In terms of Consciousness, Mind is a name given to the sum of the states of Consciousness grouped under Thought, Will, and Feeling.2 

In terms of Personality and Impersonality, HP Blavatsky distinguishes the animal mind from the higher indwelling Intelligence that ensouls it:

It is usually called the animal soul (the Nephesh of the Hebrew Kabbalists). It is the ray which emanates from the Higher Manas or permanent Ego, and is that “principle” which forms the human mind — in animals instinct . . . 3

. . . the higher Ego (Manas) itself is more or less dormant during the waking of the physical man. This is especially the case with persons of very materialistic mind. So dormant are the Spiritual faculties, because the Ego is so trammelled by matter, that It can hardly give all its attention to the man’s actions, even should the latter commit sins for which that Ego — when reunited with its lower Manas — will have to suffer conjointly in the future.4 

Blavatsky makes the difference between the animal soul of a living Man and his Spiritual Soul even more plain. She says that those followers of the Delphic injunction who “have cognised life in their inner selves, those who have studied it thoroughly in themselves, before attempting to trace and analyze its reflection in their outer shells,”
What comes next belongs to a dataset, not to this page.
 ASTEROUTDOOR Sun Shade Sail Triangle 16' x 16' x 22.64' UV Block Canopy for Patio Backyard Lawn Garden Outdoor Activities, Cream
. . . they have ascertained that 
(1) the seemingly living mechanism called physical man, is but the fuel, the material, upon which life feeds, in order to manifest itself; and that 
(2) thereby the inner man receives as his wage and reward the possibility of accumulating additional experiences of the terrestrial illusions called lives.5

And what keeps us apart from the Oneness in Otherness, Manyness, and Loneliness — so preoccupied with ourselves that we became deaf to the cries of others? It is this animal stuff, the so-called human nature. It inflames vice, incites vengeance, waxes stronger with every sigh of the soul. And because it is we who permitted its self-gratification and unchecked passions in the first place, only we can put an end to its despotism and self-aggrandisement.
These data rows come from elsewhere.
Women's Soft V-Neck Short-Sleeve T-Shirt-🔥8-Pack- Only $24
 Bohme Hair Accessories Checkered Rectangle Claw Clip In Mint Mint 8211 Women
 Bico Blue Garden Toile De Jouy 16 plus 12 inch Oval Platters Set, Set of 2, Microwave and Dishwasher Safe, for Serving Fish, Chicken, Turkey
The WISE ONES heed not the sweet-tongued voices of illusion.1 

No mind nurtured in self-adulation and self-exaltation over long kalpas can possibly master itself. How could it? That is why it has to be slain. Coaxing it is futile: rather than giving up gracefully, it is indefatigable in generating excuses to stave off its execution, like “charity begins at home” and alibis like Macavity, the mystery cat,2 faster than its sophistry can justify the evasion.